My religion tells me to fear not. Thats why I cling to it. Other have done the same for 2,000 years
My gun tells me to fear not, although its ammunition isnt as refined as the word of God. Good men have armed themselves for the 500 years since Europeans first lived in North America.
So, I cling to the gun as well.
Expert, government opinion? Its been king for 70 years and it has a very spotty record.
Its created wars and rumors of wars and real-life tragedies like communism and fascism and vegans.
Thanks for the gun, stupid.
Honey badger doesnt care for government opinion, or the opinion of journalists, and faddists.
You see, truth always resides wherever brave men still have ammunition.
I pick truth.
Nice. Very little truth these days.
One needs to think of reductions in government spending like government reductions in employee costs (reducing the government workforce to save money).
Any time that the government states that it is reducing it’s workforce, it means that it is only moving personnel out of one bureaucratic division to another with the resulting decrease in the losing agency being flaunted as a reduction in force while not mentioning that the other agency has an increase in force.
Rule #1 is that the government NEVER reduces the workforce or NEVER actually reduces spending. It simply plays a “shell game” and fools the taxpayer.
“You see, truth always resides wherever brave men still have ammunition.”
So Boehner agrees to the tax hike on the “rich” and of course it’s only going to be a drop in the bucket towards reducing the deficit. What then? After the smoke clears and the deficit is still growing like a fungus on steroids, what will Obama do? By nature he’s dead set against any kind of tax or spending cuts (except for the military), so my guess is that he’ll move his demented gaze down to the not-so-rich but still greedy people who make over 50k per year. These people will have to step it up so the takers er I mean poor unfortunates can survive.

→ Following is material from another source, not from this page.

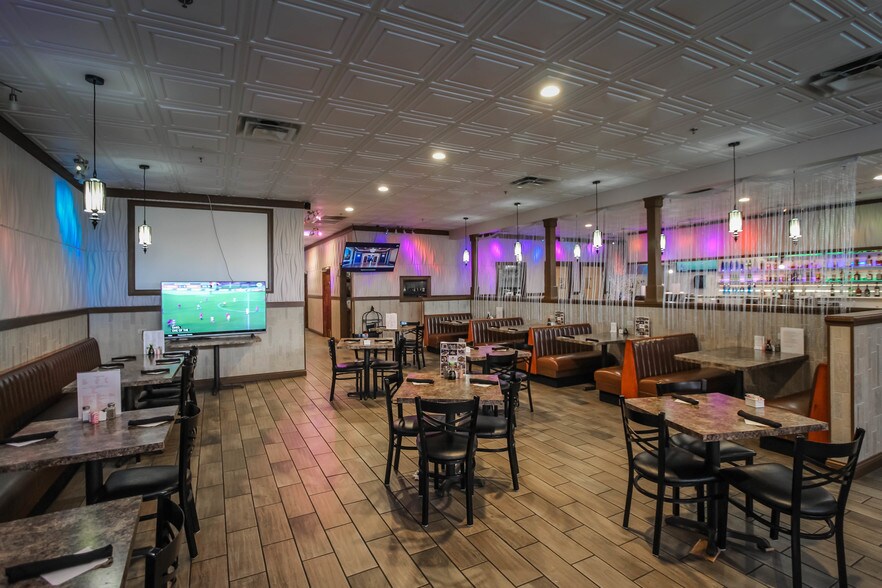 More Photos Of 3332 Villa Point, Owensboro Restaurant For Sale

It’s beginning to look a lot like a long train of abuses and usurpations pursuing, invariably, the same object.
Nice....
Until they market a Hoppes #9 cologne I dab a drop behind the ear on occasion. I have had a couple of lib girls in the past remark that my cologne smells good, then start to name off expensive homo colognes. They get irritated and aghast when I tell them what it is.

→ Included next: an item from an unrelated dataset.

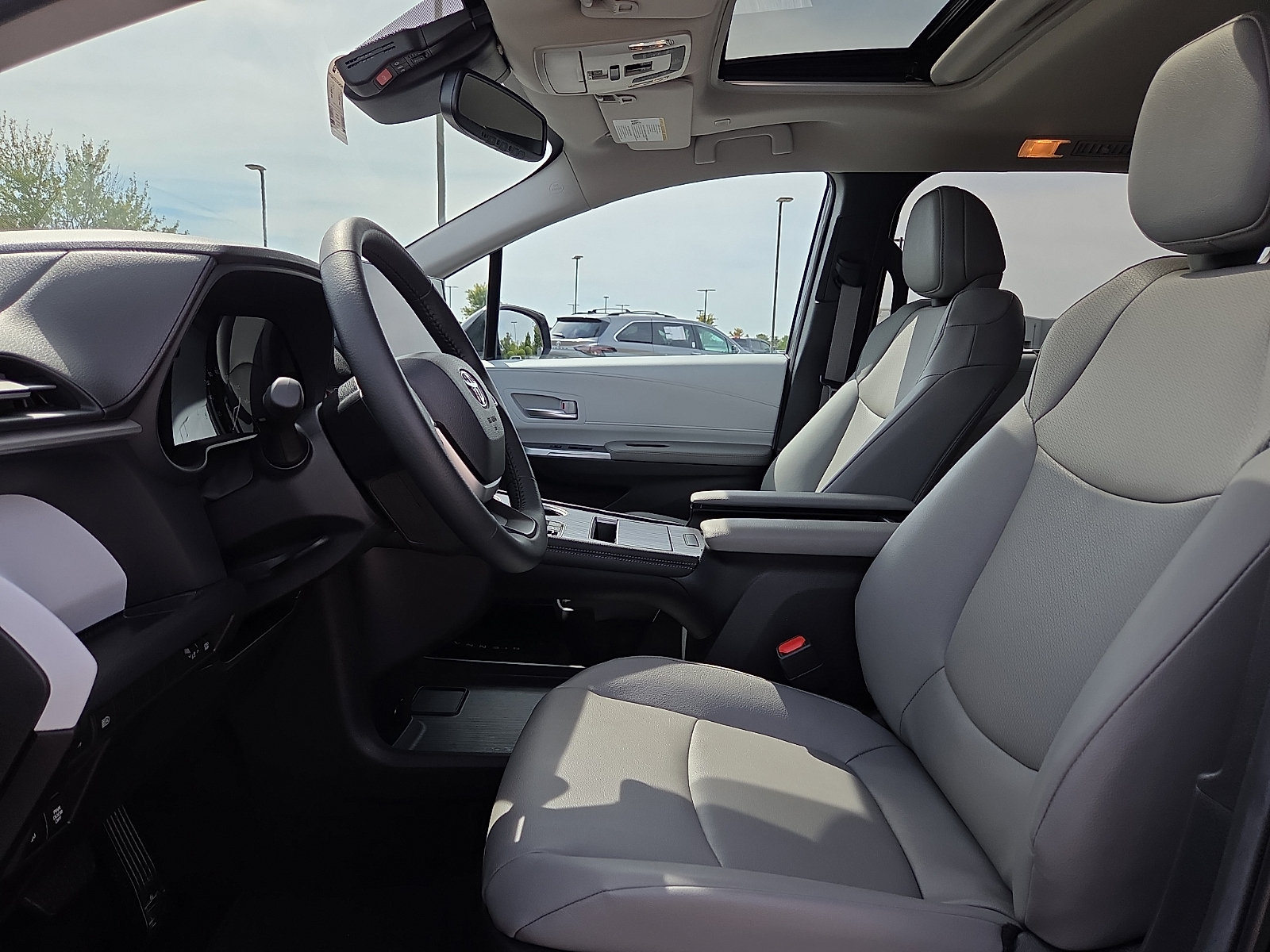 Used 2025 Toyota Sienna XLE FWD image 17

A bill is a tax cut if the result of passing it makes the tax collected lower than it the bill is not passed.
The "Plan B" bill will result in significantly lower taxes if it passes, then if it does not pass. Therefore, it is a tax cut. That is why even the "keeper of the pledge", Grover Norquist's ATR, scores Plan B as a tax cut.

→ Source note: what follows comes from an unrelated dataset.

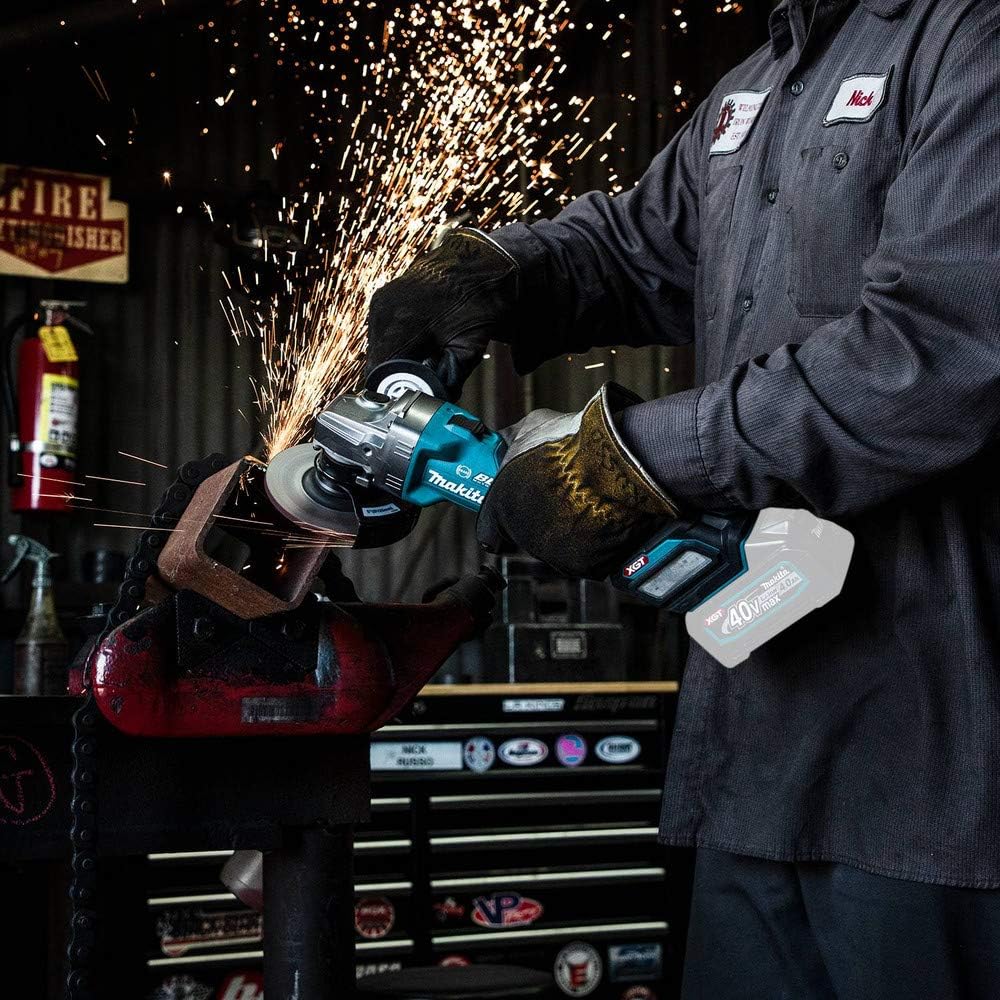 Makita - 4-1/2. / 5 Angle Grinder with Electric Brake to (GAG01Z)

It is absolutely true that if we pass Plan B, in January taxes will be higher (for those making over $1 million) than they are on December 31st.
But if the bill is not passed, in January taxes will be higher on everybody.
That is because in 2001, we passed a bill that set the tax rate for 2011 at the same tax rate as 2000, lowering the tax rates only for the years 2001 through 2010.
And in 2010, we passed another bill that set the tax rate for 2013 at the same rate as 2000, lowering the tax rates only for the years 2011 and 2012.
Each of those bills effectively RAISED taxes, the first in 2011, and the second in 2013. But both were scored as tax cuts, and praised as such by conservatives.
If a bill that lowered taxes for only 2 years, and then raised them to 2000 levels for everybody, is considered a "tax cut", then certainly a bill that lowers tax rates for all of us, permanently, is a "tax cut" (I say "all of us" because the tax rates will be lowered on the first 1 million of income. Which means person making MORE than a million will still pay less in taxes under Plan B then they would under the previous tax cut bill, for 2013.
The best part of Plan B, and I'm not totally in favor of it, is that it makes the tax cuts permanent, so the democrats would have to actually pass a bill to raise taxes -- we won't have done it for them, like we did the last two times.
The worst part is that it makes the tax code more progressive, validating the concept that people who make money should give it to people who don't. On the other hand, we've had many tax rates over the years, and Plan B would still historically be a good deal for people who make more than a million dollars.
One thing I'd like them to add would be a new tax category for people who run businesses but file personal taxes, so that if the income is really a business income from a small business, it gets taxed at the existing lower rate. Unfortunately, I don't understand the reason that small business falls under the individual tax code and gets hit with individual taxes, so I don't know HOW you would re-write tax code to provide them this relief.
The point of Plan B is that it doesn’t solve any problems, it simply removes from the equation the expiration of the Bush/Obama tax rates.
We still have sequestration which was our pathetic attempt to cut spending but which everybody agrees is a bad way to do it. That was the mechanism by which we were supposed to be driven to a real spending cut/tax plan.
And we have the debt limit, which is another change to request more spending ‘cuts’ in exchange for more borrowing authority.
Passing plan B, even if it was signed into law, wouldn’t even guarantee that more taxes wouldn’t be raised in one of these other two negotiations. It would simply be the “republican” way of solving the “fiscal cliff” issue of the expiration of the current tax rates.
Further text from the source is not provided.